::: Input data :::

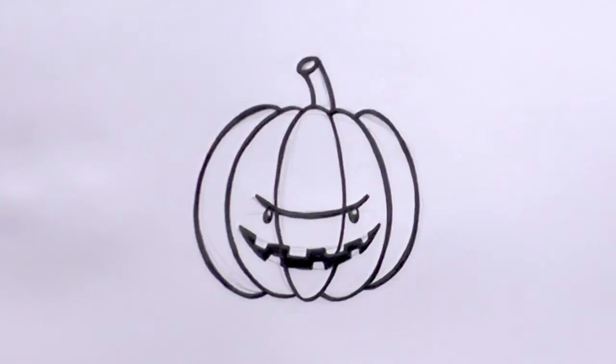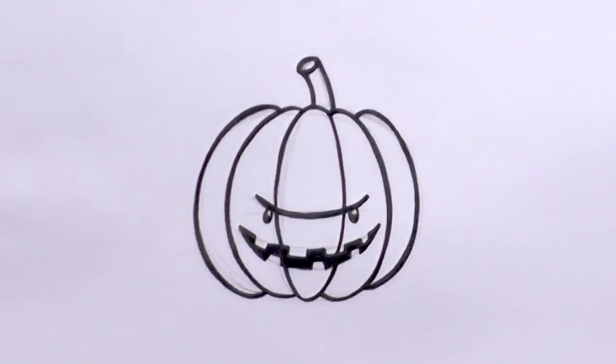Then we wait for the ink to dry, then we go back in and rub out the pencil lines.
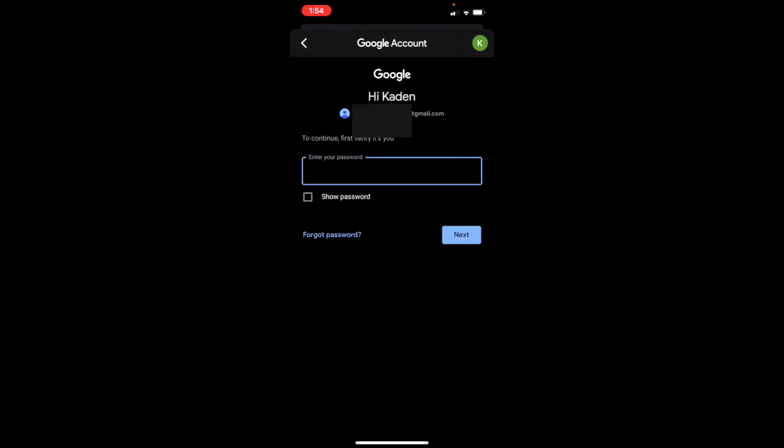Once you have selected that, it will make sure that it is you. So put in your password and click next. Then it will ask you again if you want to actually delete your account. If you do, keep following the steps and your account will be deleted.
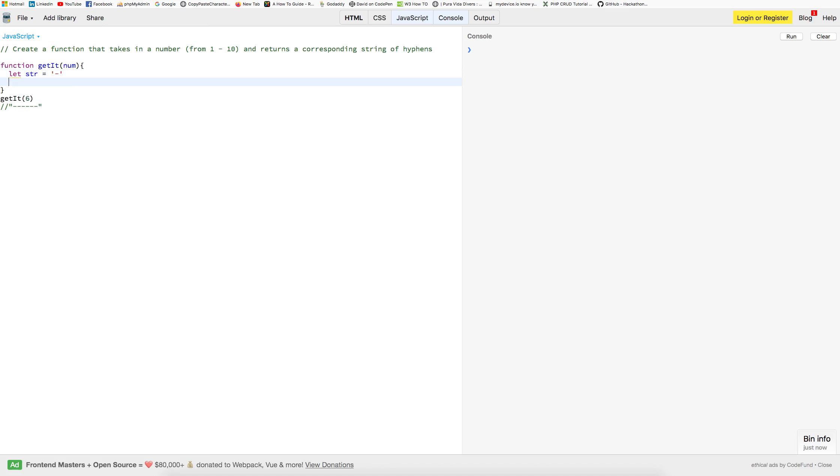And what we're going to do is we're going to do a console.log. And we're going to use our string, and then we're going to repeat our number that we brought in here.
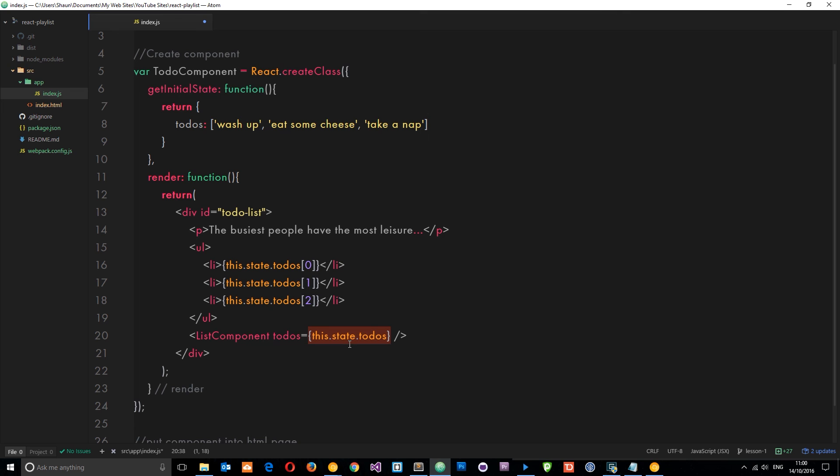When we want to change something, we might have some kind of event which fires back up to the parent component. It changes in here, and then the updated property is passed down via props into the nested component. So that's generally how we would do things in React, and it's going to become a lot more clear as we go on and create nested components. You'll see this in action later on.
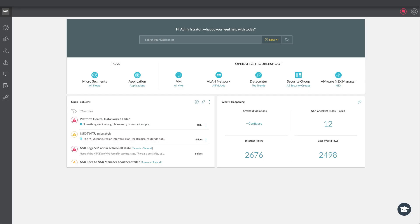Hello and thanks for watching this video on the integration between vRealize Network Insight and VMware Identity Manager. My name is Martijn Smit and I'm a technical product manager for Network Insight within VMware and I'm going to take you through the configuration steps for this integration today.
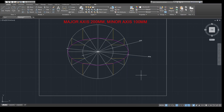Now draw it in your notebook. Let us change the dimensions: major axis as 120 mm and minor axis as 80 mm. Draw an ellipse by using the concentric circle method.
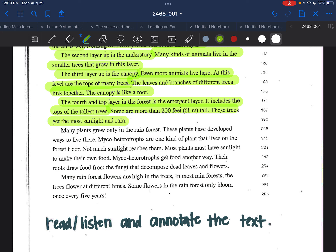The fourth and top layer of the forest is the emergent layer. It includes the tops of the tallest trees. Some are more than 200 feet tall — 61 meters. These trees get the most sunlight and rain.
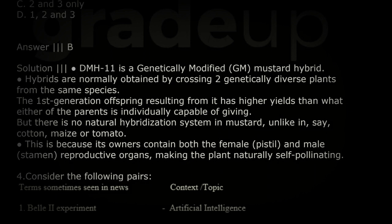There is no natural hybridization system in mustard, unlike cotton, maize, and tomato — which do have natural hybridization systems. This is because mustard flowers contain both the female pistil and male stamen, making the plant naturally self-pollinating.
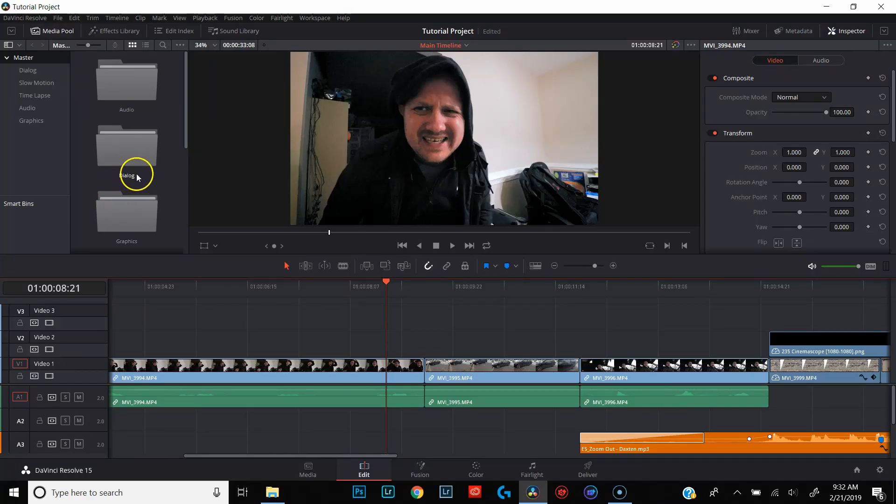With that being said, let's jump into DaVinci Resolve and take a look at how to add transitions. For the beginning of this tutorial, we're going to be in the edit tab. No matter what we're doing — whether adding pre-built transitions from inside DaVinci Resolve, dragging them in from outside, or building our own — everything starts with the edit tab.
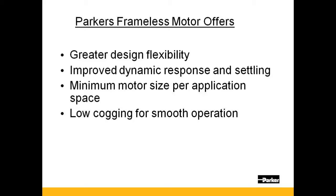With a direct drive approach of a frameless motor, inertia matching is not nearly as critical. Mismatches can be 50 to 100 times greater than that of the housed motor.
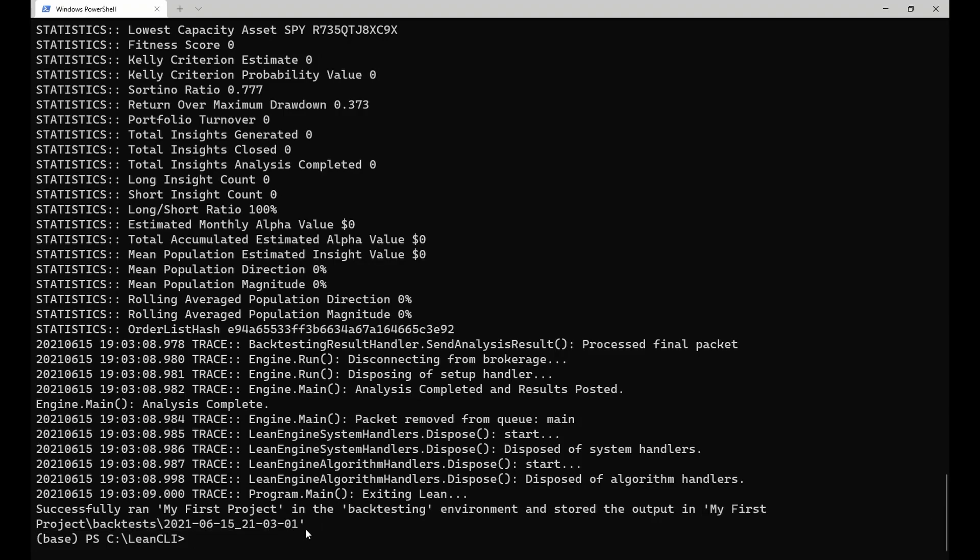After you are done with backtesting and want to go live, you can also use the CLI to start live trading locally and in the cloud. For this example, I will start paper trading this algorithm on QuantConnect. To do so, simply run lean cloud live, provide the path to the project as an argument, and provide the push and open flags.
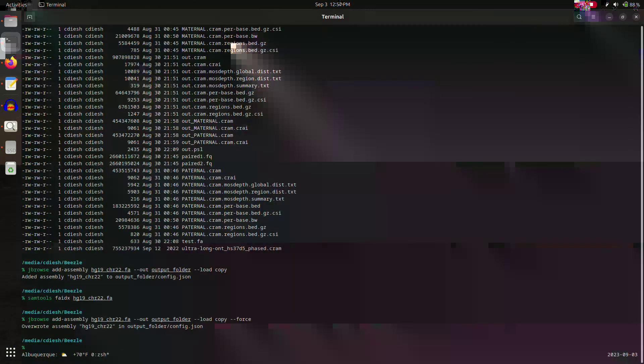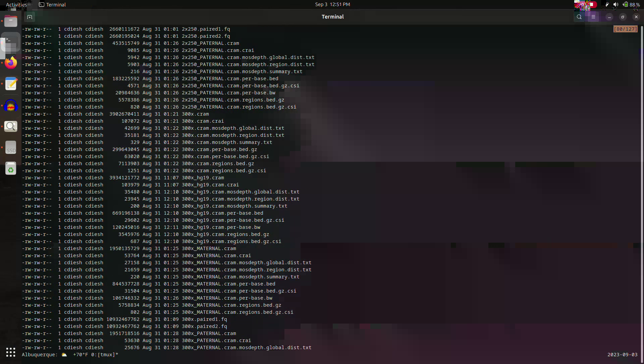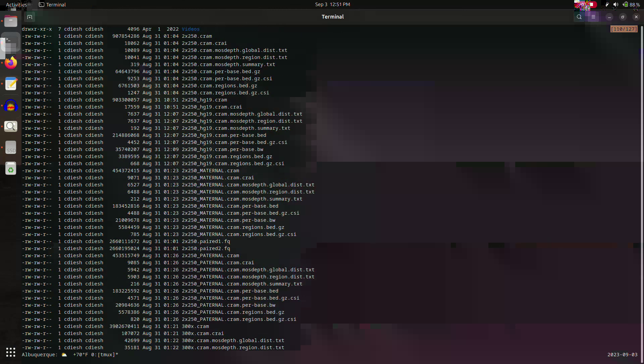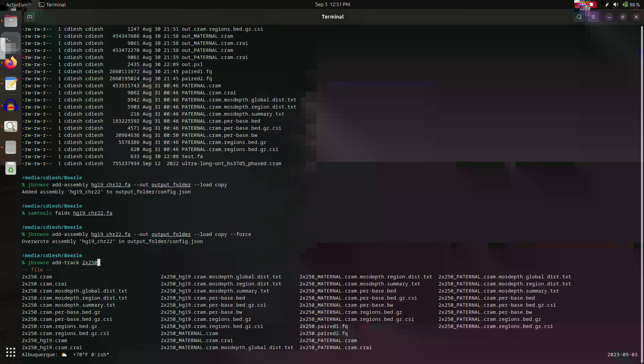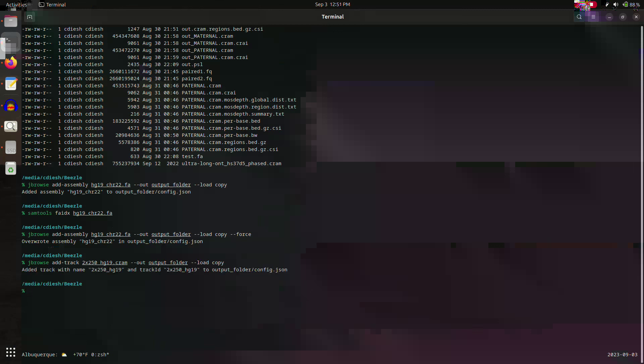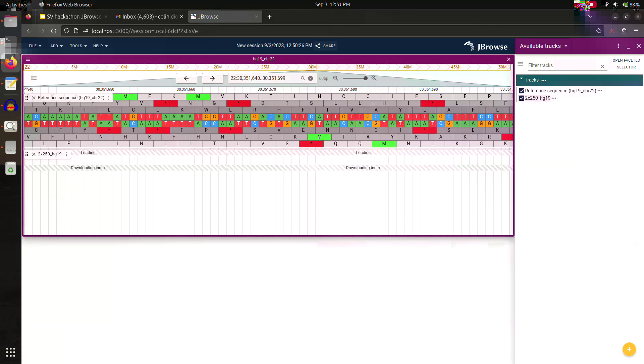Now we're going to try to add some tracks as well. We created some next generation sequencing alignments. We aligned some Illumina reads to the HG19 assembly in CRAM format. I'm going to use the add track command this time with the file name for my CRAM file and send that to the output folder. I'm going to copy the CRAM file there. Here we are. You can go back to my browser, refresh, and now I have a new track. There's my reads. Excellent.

:::

**Description of the task**
Take the entries above and copy exactly the lines starting at the one with "Now draw it" and ending at the one with "After you are"; nothing outside that span, and no pictures.

**Exercise answer**
Now draw it in your notebook. Let us change the dimensions: major axis as 120 mm and minor axis as 80 mm. Draw an ellipse by using the concentric circle method.
The fourth and top layer of the forest is the emergent layer. It includes the tops of the tallest trees. Some are more than 200 feet tall — 61 meters. These trees get the most sunlight and rain.
There is no natural hybridization system in mustard, unlike cotton, maize, and tomato — which do have natural hybridization systems. This is because mustard flowers contain both the female pistil and male stamen, making the plant naturally self-pollinating.
With that being said, let's jump into DaVinci Resolve and take a look at how to add transitions. For the beginning of this tutorial, we're going to be in the edit tab. No matter what we're doing — whether adding pre-built transitions from inside DaVinci Resolve, dragging them in from outside, or building our own — everything starts with the edit tab.
With a direct drive approach of a frameless motor, inertia matching is not nearly as critical. Mismatches can be 50 to 100 times greater than that of the housed motor.
After you are done with backtesting and want to go live, you can also use the CLI to start live trading locally and in the cloud. For this example, I will start paper trading this algorithm on QuantConnect. To do so, simply run lean cloud live, provide the path to the project as an argument, and provide the push and open flags.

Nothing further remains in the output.